- **Task item**: Would you restate the listing word for word, with the images omitted?

- **Data shown**:
((

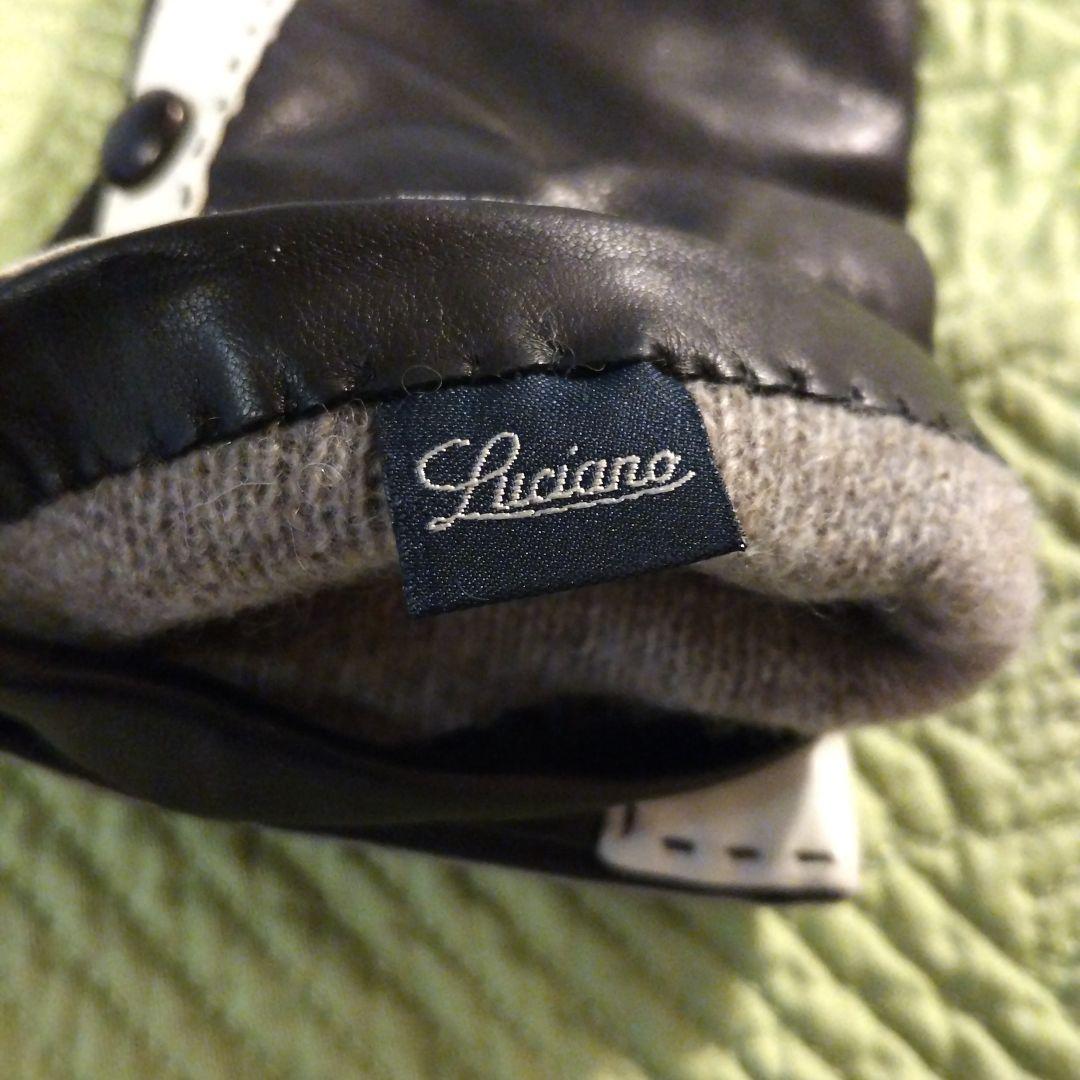 イタリア製 黒レザー手袋 カシミヤライニング 7 3/4サイズ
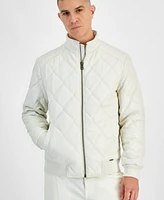 Guess Men's Quilted Full-Zip Faux-Leather Jacket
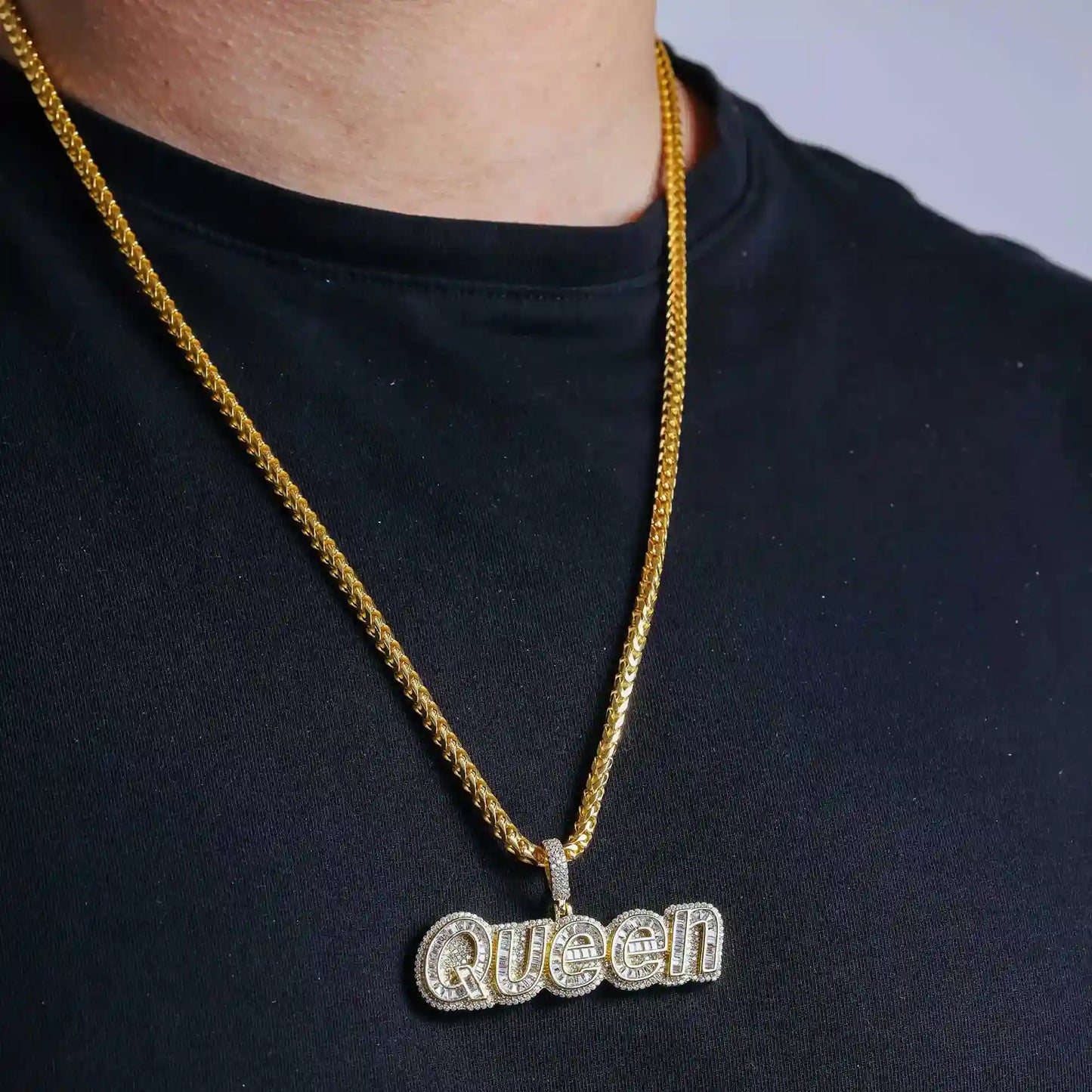 925 Sterling Silver Gold Plated CZ QUEEN Hip Hop Pendant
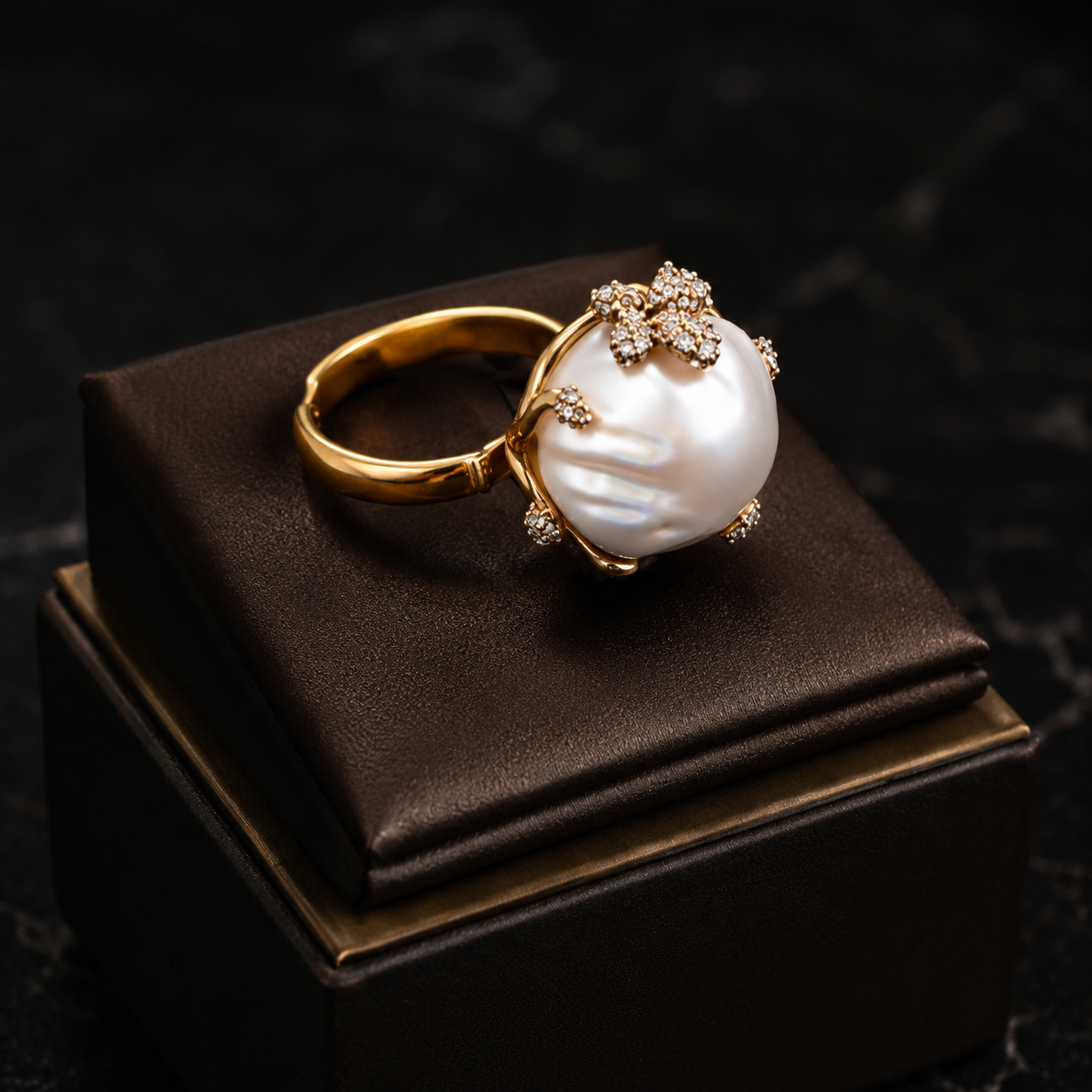 Luxury Baroque Pearl Necklace Ring and Earrings Jewelry Set for Women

))

- **Solution to the problem**:
 イタリア製 黒レザー手袋 カシミヤライニング 7 3/4サイズ
 Guess Men's Quilted Full-Zip Faux-Leather Jacket
 925 Sterling Silver Gold Plated CZ QUEEN Hip Hop Pendant
 Luxury Baroque Pearl Necklace Ring and Earrings Jewelry Set for Women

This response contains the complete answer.